# Adding Amp, Sub, may amp speakers as well...QUESTIONS



## XtremeRevolution (Jan 19, 2012)

If you wanted a crossover to cut out the lows, you'd need to determine the impedance of the door speakers and make yourself a quick crossover board with nothing more than an air core inductor/coil. I'll be doing the same thing with my car. 

If you want to wait for me to work on my car, I can tell you exactly what you'll need.


----------



## OverHeight (Jan 8, 2012)

any help would be appreciated guys.


----------



## SnowBlindLTZ (Jan 4, 2012)

So.... if I go down to the local stereo shop I can buy bass blockers that go in line with the speaker wires. I used them on my jeep wrangler and they worked great. Try a search for "bass blockers"


----------



## XtremeRevolution (Jan 19, 2012)

SnowBlindLTZ said:


> So.... if I go down to the local stereo shop I can buy bass blockers that go in line with the speaker wires. I used them on my jeep wrangler and they worked great. Try a search for "bass blockers"

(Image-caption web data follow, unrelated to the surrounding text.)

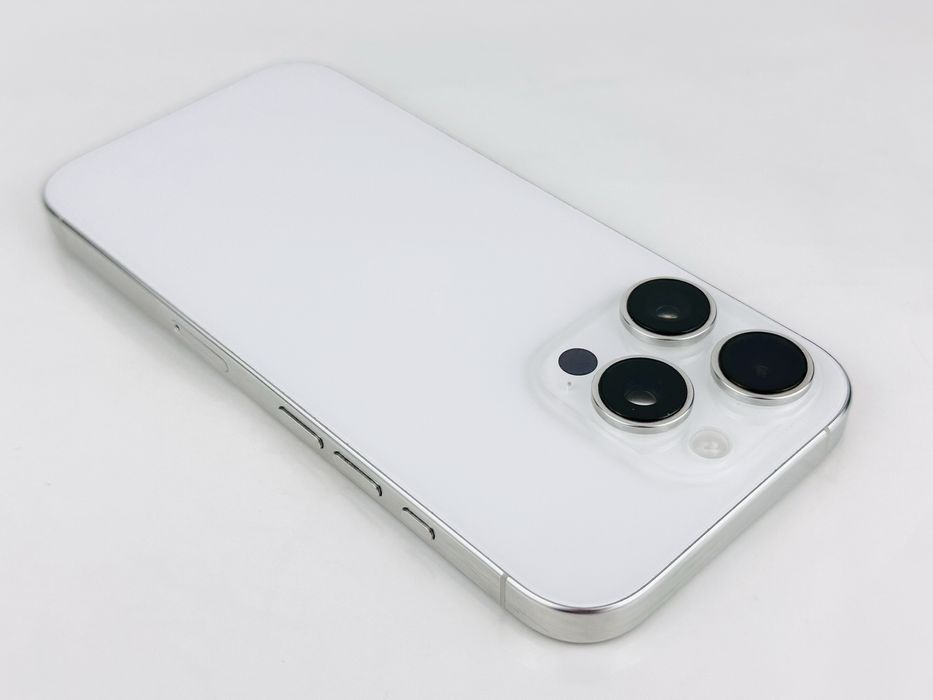 Apple iPhone 16 Pro Max 256GB White 100% Батерия! Гаранция!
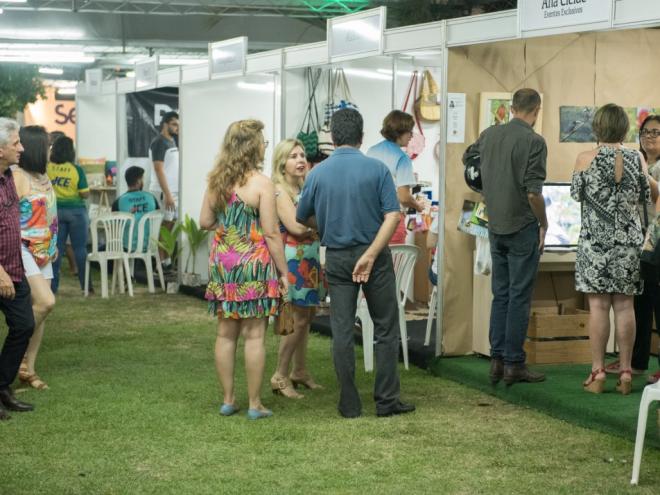 Gastronomia, artesanato, shows e várias atrações na feira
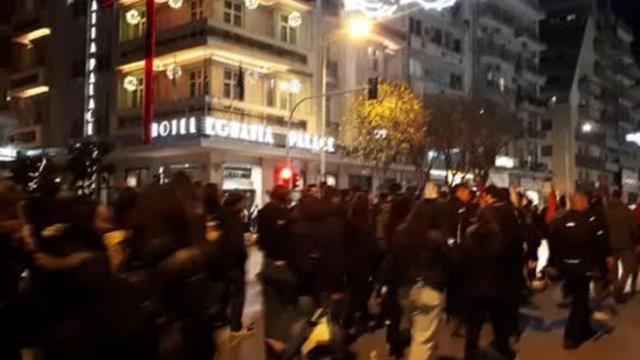 16 yaşındaki çocuk polis kurşunuyla ölmesinin ardından komşuda başlayan protestolarda olaylar çıktı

Most "bass blockers" I've seen (labeled as such) are garbage. They are nothing but inductors (which is the proper way to do it by the way), but their issue is that the wire gauge is much too small and they will certainly saturate at higher power levels. The other issue is that a single inductor creates a 1st order high pass, which will actually have more of an effect on your music than you'd like. You need output down to at least 150hz to blend your front speakers with the sub well. Most subwoofers I've seen that people install on very little knowledge are one note wonders that do not play well above 80hz. If you cut out 80hz to 150hz, what do you end up with? Only some of the best SQ subwoofers I've seen will play accurately and cleanly from 30hz to 125hz.

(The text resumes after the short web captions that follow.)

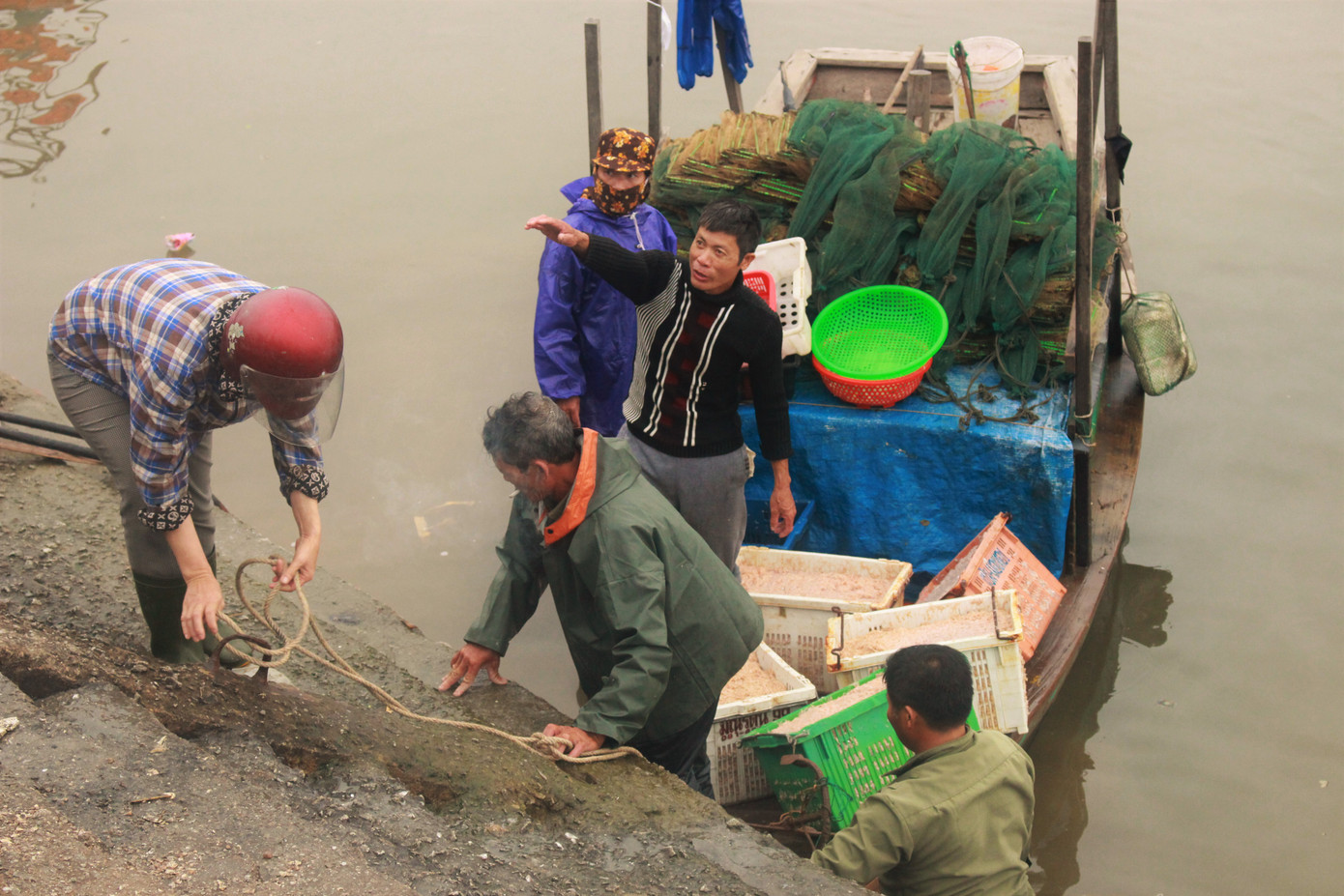 Cảng cá Hà Tĩnh tấp nập người bán, kẻ mua giữa mùa dịch COVID - 19 ảnh 14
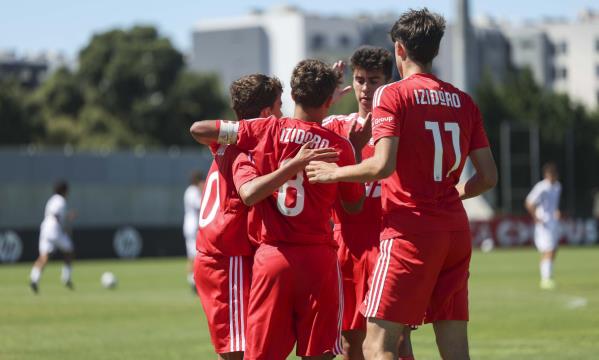Jogadores do Benfica festejam o 1-0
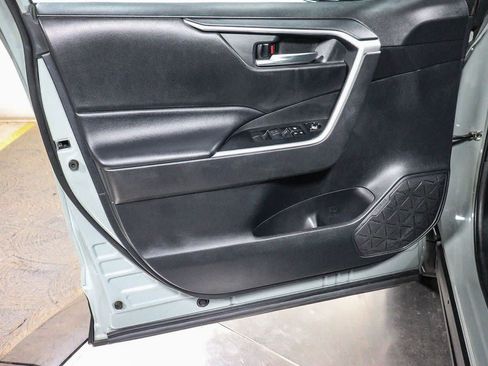 Certified 2020 Toyota RAV4 XLE w/ Convenience Package FWD image 24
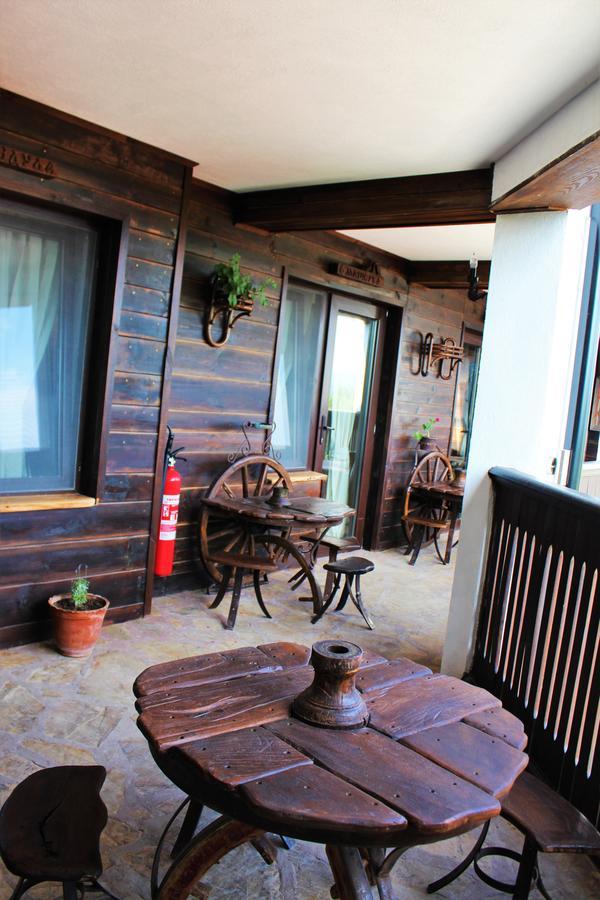 Hotel Sokay Tryavna Esterno foto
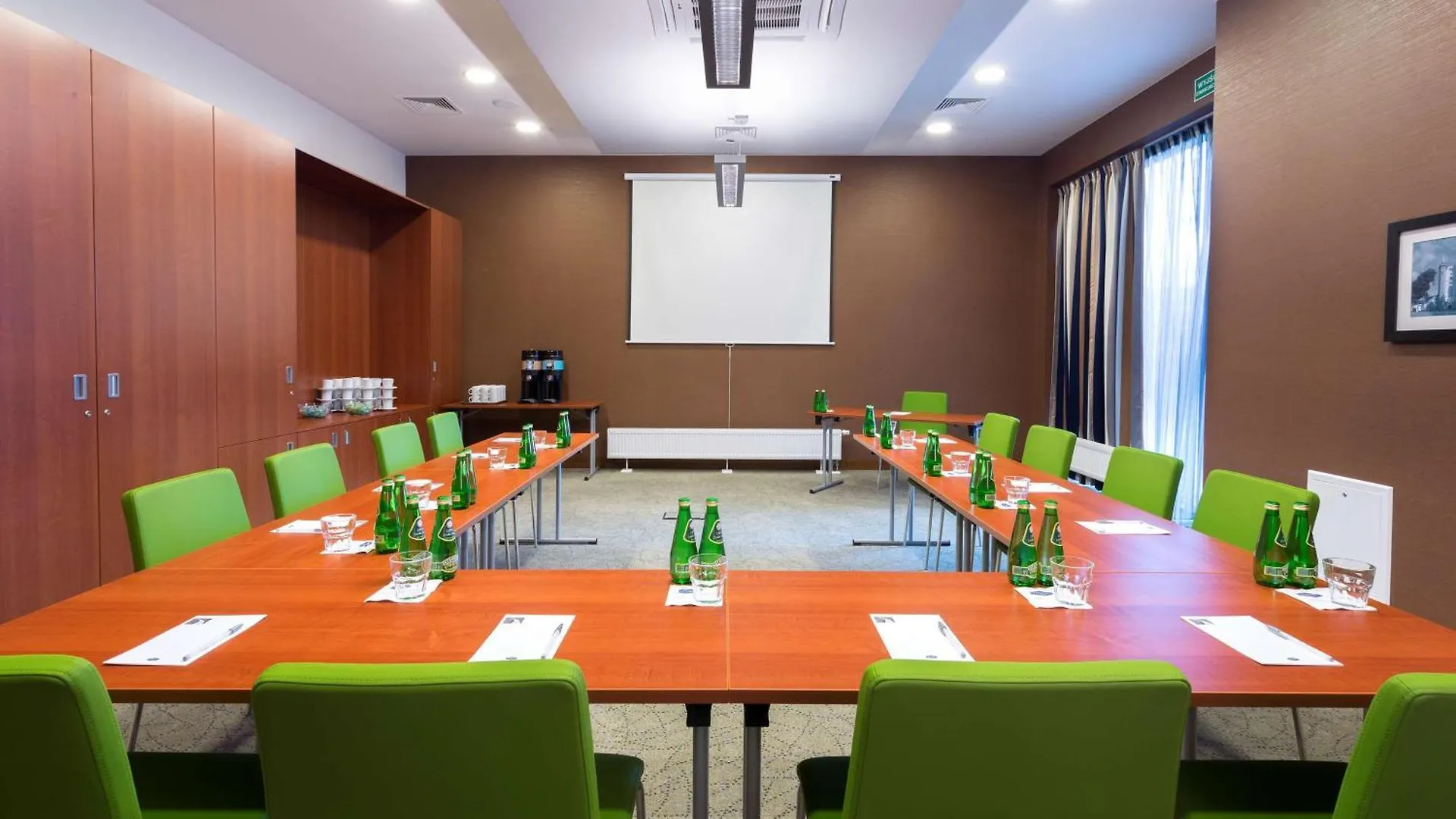 ***  Hampton By Hilton Gdansk Airport Hotel Polen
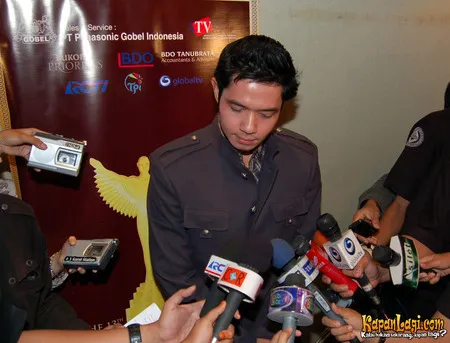 Foto Dude Harlino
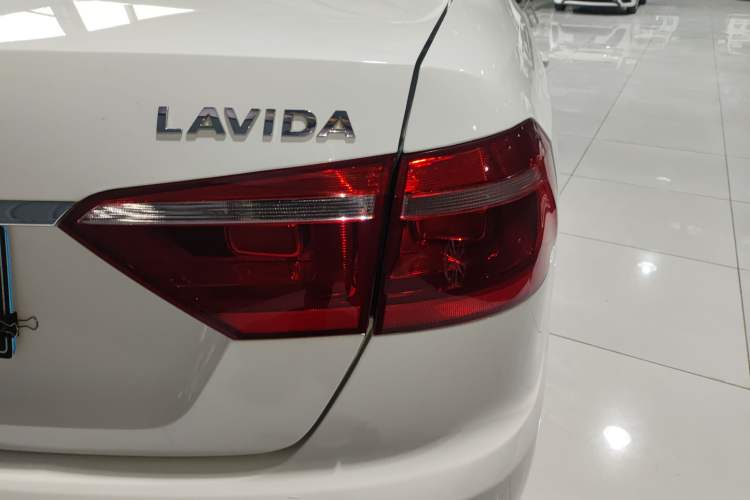 Used Volkswagen Lavida 2017 1.6L Automatic Comfort Edition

The easy way to do it yourself is to measure nominal impedance of the speaker in question (I'll be doing this soon), and use an online crossover calculator to design a simple 2nd order high pass filter (one inductor and one NPE cap) at the crossover frequency you need. This will not only present you with a better crossover slope and better reduction of the bass frequencies you want to target, but will also do it without affecting your sound quality.


----------



## OverHeight (Jan 8, 2012)

Cool, keep me posted


----------



## silverram323 (Mar 16, 2012)

Update?


----------



## XtremeRevolution (Jan 19, 2012)

I finally have all of the parts I need. I have the AA-GM44 PAC LOC, MiniDSP, tweeters, woofers, amplifiers, and wiring. I'll be documenting the process once I get started, which may be some time this week. I'll measure the speakers for you at that time so you know what kind of crossover to build for them to cut the bass notes out.


----------



## R1XSTA (Aug 30, 2011)

You'll need a Hi2Lo frequency converter. This will allow you to plug into your speakers, and off the converter you can run RCA cables required to run the Sub Amplifier.


----------